DATA PROVIDED:
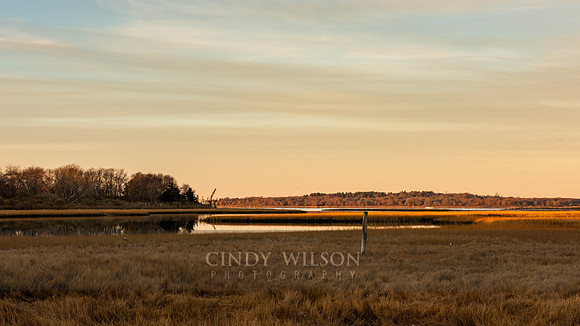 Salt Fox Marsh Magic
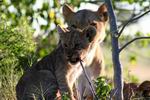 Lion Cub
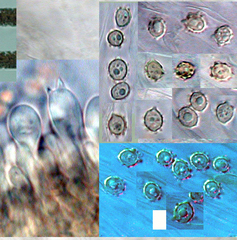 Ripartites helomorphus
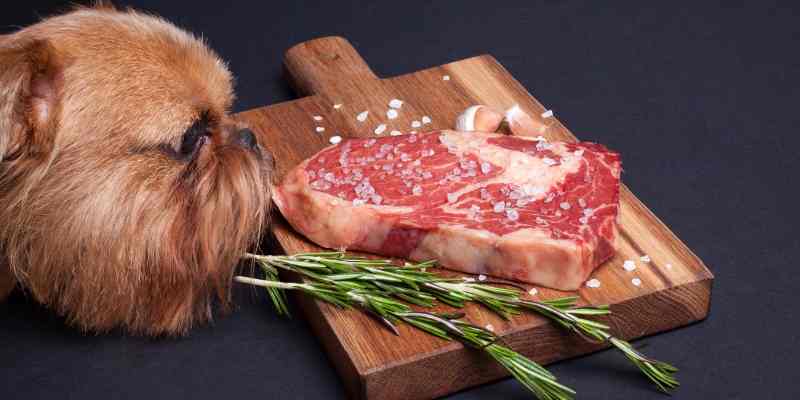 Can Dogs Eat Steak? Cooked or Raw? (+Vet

---

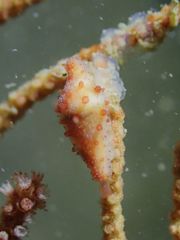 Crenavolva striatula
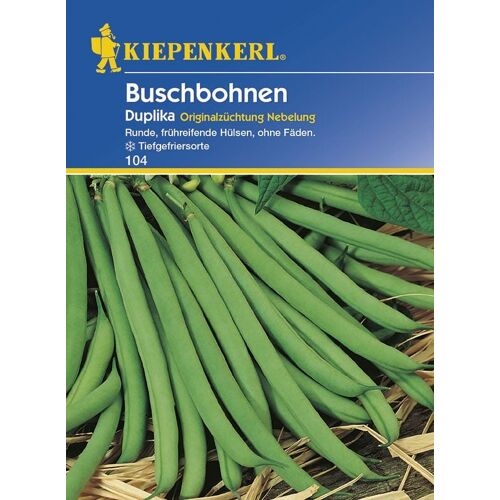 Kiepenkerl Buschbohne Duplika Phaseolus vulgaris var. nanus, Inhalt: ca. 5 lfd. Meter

...

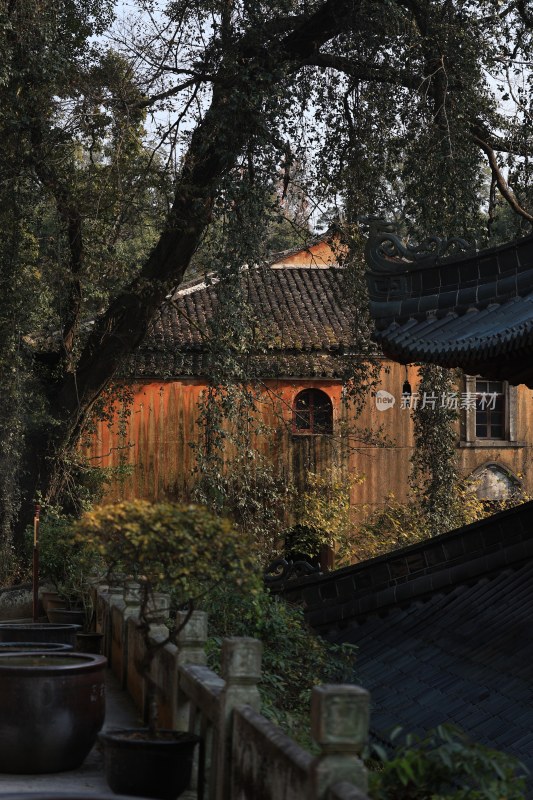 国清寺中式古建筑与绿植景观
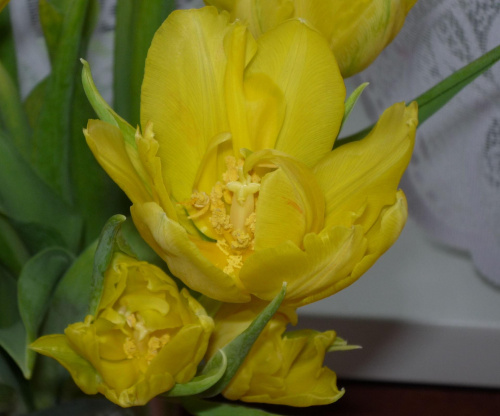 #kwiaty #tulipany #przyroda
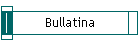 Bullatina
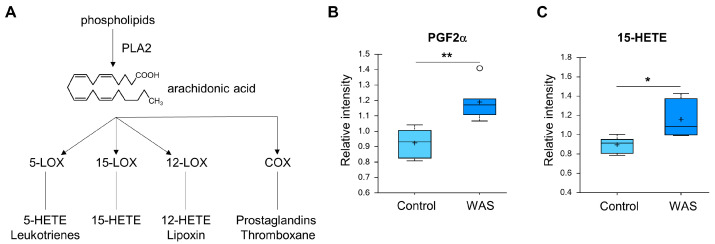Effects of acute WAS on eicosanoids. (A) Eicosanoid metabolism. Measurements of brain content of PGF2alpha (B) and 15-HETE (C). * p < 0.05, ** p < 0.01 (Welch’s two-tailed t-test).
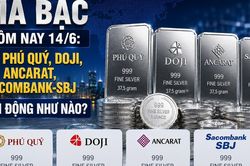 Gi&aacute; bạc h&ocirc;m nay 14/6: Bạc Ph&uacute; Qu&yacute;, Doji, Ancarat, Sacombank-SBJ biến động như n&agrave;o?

REQUIRED ACTION: What you return must match the lines above from the one with "Crenavolva striatula" through the one with "Kiepenkerl Buschbohne Duplika" exactly, with both ends included and the pictures excluded.

TASK RESPONSE:
 Crenavolva striatula
 Kiepenkerl Buschbohne Duplika Phaseolus vulgaris var. nanus, Inhalt: ca. 5 lfd. Meter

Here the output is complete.